Solved – Cross-validation with Boosting Trees (do I need 4 sets?)

boostingcross-validation

Normally, you have train, validation and test sets for training, tuning (hyperparameters) and finally evaluating a machine-learning model.
If we use cross-validation, then we can effectively have only train and test sets, where train set is used for CV (both training and tuning, using several folds). And after the best model is selected, it is trained on the whole train set and evaluated on test. Am I correct here?

Now, I am a bit confused about the boosting trees.
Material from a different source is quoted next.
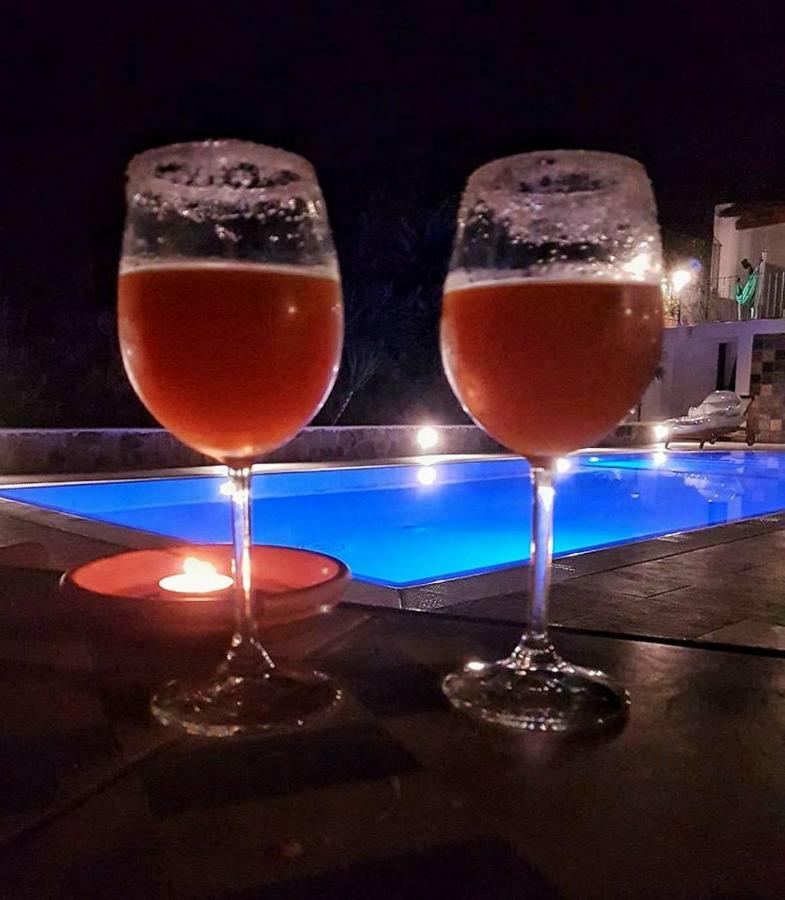 Casa Masaria Leilighet Lipari  Eksteriør bilde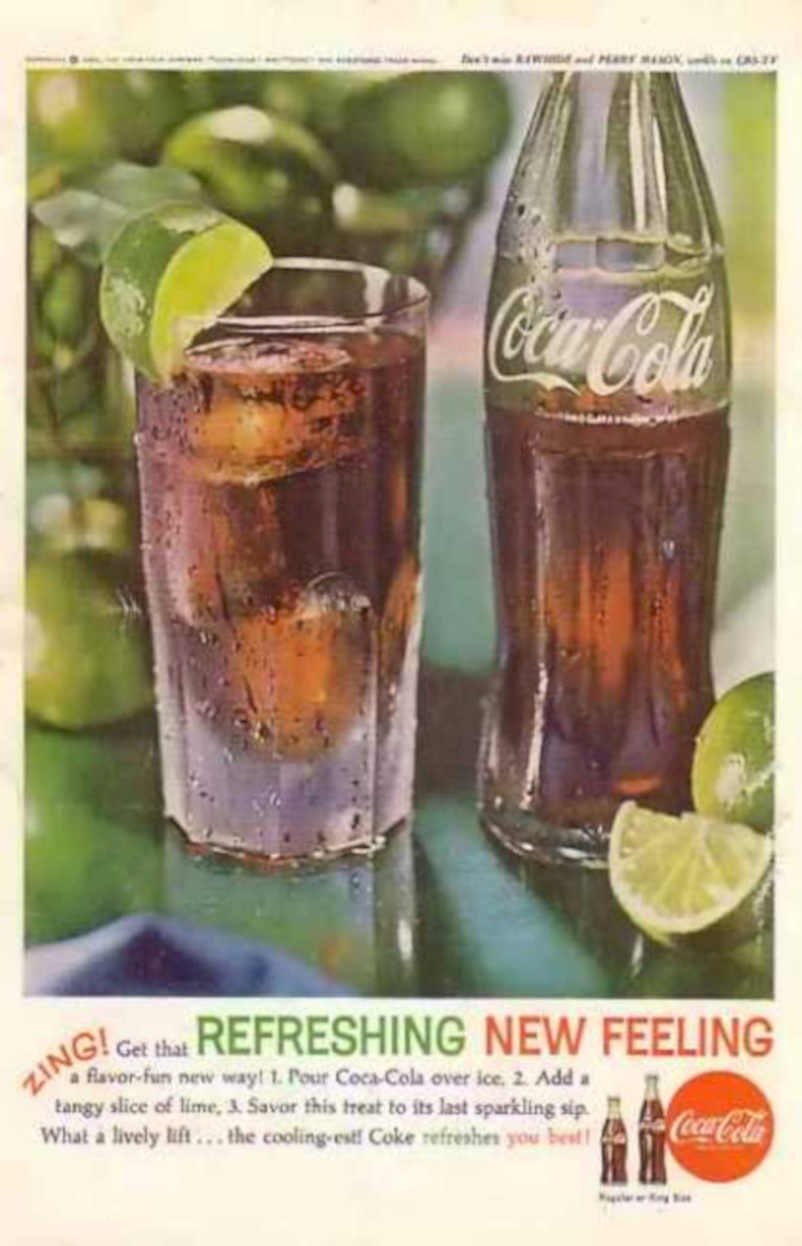 Coca Cola Bottles 7 Vintage Retro Advert Ads A4 Photo Print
Let's take LightGBM as an example.
When you are training a boosting tree, normally you set some value as an early_stopping_rounds and you do a separate CV to define the optimal number of trees in the model (e.g. with LGBM it is lightgbm.cv method).
Does it mean, that I need again three datasets?

  1. Train (to find the optimal number of trees using CV and then train on the whole train set, using the found optimal number of trees)
  2. Validation (tune other hyperparameters)
  3. Test (final evaluation)

Best Answer

You do not need a separate validation set; lightgbm.cv will separate the training set automatically for you for the cross validation folds, you just need to give the parameter stating the number of folds as like nfolds = 3 to lightgbm.cv

I think you can refer here for a proper application:

[https://stackoverflow.com/questions/49774825/python-lightgbm-cross-validation-how-to-use-lightgbm-cv-for-regression][1]

However, you are correct about the concept of cross-validation considering your first question.

Have fun.